## Introduction

Welcome back. I confess, I am considering dropping the episode numbers, as each article is becoming less sequential and more self contained. I intend to keep writing SQL articles and using the overarching title, just to group them together, and still create the concept of a series that can be worked through as if it were a book, to allow people wanting to learn to stick with one set of information and not just read random articles of varying style, quality and accuracy.

I've also decided to rename the series to 'Thinking in SQL', because SQL does require a different mindset, and that's what all my articles are trying to encourage.

Databases are generally used to store data, in a structured format, so we can rely on them to provide us with the same information every time we make the same request. Nevertheless, sometimes we do want to generate random numbers inside SQL Server, not least when we're trying to populate test data. So, today's article is about how generating random numbers works in SQL Server. As always, it's more interesting and has more points to consider than you might first think.

## Generating a random number

`select rand()`

That's all you need to do, to generate a random number in SQL. This creates a value between 0 and 1, so you can create a range up to xx by multiplying by xx, and you can convert to int to make it a whole number, if you require it. The conversion is also implicit if you just use it somewhere that a whole number is expected.

## Generating a random number sequence

Now run this to get a set of five random numbers:

select rand() union all select rand() union all select rand() union all select rand() union all select rand()

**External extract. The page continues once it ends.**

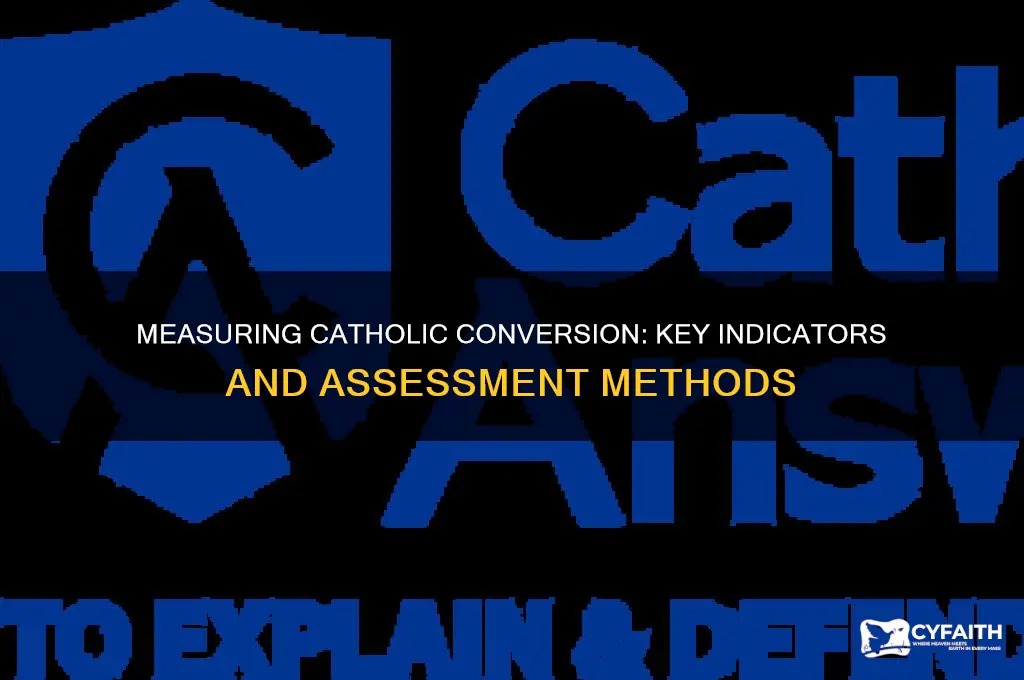 how to measure catholic conversion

Pretty straightforward, right ? But, it does not scale well if you wanted to create a LOT of them. Enter the tally table. Here is SQL to use a tally table to generate 100 random numbers.

WITH E1(N) AS ( SELECT 1 UNION ALL SELECT 1 UNION ALL SELECT 1 UNION ALL SELECT 1 UNION ALL SELECT 1 UNION ALL SELECT 1 UNION ALL SELECT 1 UNION ALL SELECT 1 UNION ALL SELECT 1 UNION ALL SELECT 1 ), -- 1*10^1 or 10 rows E2(N) AS (SELECT 1 FROM E1 a, E1 b) -- 1*10^2 or 100 rows select rand() from e2 ;

What happened ? SQL Server has optimised our query and decided to call rand() once. It doesn't realise that it returns a different value every time, and so assumes that it's being efficient for us. This is, in general, a good thing, but in this case, it's an issue.

The first way we'll try to abstract out the random number generation, is with a view. Create this:

CREATE VIEW vwRand AS SELECT RAND() as Rand go

And then run it like this:

WITH E1(N) AS ( SELECT 1 UNION ALL SELECT 1 UNION ALL SELECT 1 UNION ALL SELECT 1 UNION ALL SELECT 1 UNION ALL SELECT 1 UNION ALL SELECT 1 UNION ALL SELECT 1 UNION ALL SELECT 1 UNION ALL SELECT 1 ), -- 1*10^1 or 10 rows E2(N) AS (SELECT 1 FROM E1 a, E1 b) -- 1*10^2 or 100 rows select rand() from e2, vwRand ;This is a cross join, but because vwRand has one value in it, we still get 100 values back. Sadly, they are all the same. So, what can we run in SQL that knows not to be optimised away ? The answer is, a user defined function.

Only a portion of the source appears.